* [Exercise prompt]
Return, in their exact form, the lines that lie between the start of the data below and the line containing "New Laptop HP", with both ends included.

*** Opening Material to process ***

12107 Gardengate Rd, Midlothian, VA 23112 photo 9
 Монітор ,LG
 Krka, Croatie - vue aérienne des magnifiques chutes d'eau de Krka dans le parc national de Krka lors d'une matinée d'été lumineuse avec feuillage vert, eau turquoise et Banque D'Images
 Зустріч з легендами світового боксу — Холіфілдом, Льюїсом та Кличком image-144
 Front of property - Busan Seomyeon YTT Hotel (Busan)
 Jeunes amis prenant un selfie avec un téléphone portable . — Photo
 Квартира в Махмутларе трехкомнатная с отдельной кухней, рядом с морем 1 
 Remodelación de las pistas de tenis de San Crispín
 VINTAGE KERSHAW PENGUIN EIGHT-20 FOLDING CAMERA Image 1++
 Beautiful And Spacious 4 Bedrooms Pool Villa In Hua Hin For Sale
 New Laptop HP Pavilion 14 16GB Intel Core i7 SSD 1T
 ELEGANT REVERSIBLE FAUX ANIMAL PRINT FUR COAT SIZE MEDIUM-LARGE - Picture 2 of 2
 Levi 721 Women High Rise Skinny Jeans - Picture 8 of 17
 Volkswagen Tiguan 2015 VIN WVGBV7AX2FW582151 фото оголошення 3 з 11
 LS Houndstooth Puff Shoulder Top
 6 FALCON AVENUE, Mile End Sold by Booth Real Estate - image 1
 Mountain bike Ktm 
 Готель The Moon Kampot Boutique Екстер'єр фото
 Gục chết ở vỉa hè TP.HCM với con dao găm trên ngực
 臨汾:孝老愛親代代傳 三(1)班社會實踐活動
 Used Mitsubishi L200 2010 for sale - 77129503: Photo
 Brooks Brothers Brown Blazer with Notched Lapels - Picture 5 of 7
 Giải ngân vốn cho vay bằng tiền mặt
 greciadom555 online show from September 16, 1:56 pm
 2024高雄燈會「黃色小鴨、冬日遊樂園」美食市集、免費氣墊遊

*** Closing Material to process ***

* [Result of the exercise]
12107 Gardengate Rd, Midlothian, VA 23112 photo 9
 Монітор ,LG
 Krka, Croatie - vue aérienne des magnifiques chutes d'eau de Krka dans le parc national de Krka lors d'une matinée d'été lumineuse avec feuillage vert, eau turquoise et Banque D'Images
 Зустріч з легендами світового боксу — Холіфілдом, Льюїсом та Кличком image-144
 Front of property - Busan Seomyeon YTT Hotel (Busan)
 Jeunes amis prenant un selfie avec un téléphone portable . — Photo
 Квартира в Махмутларе трехкомнатная с отдельной кухней, рядом с морем 1 
 Remodelación de las pistas de tenis de San Crispín
 VINTAGE KERSHAW PENGUIN EIGHT-20 FOLDING CAMERA Image 1++
 Beautiful And Spacious 4 Bedrooms Pool Villa In Hua Hin For Sale
 New Laptop HP Pavilion 14 16GB Intel Core i7 SSD 1T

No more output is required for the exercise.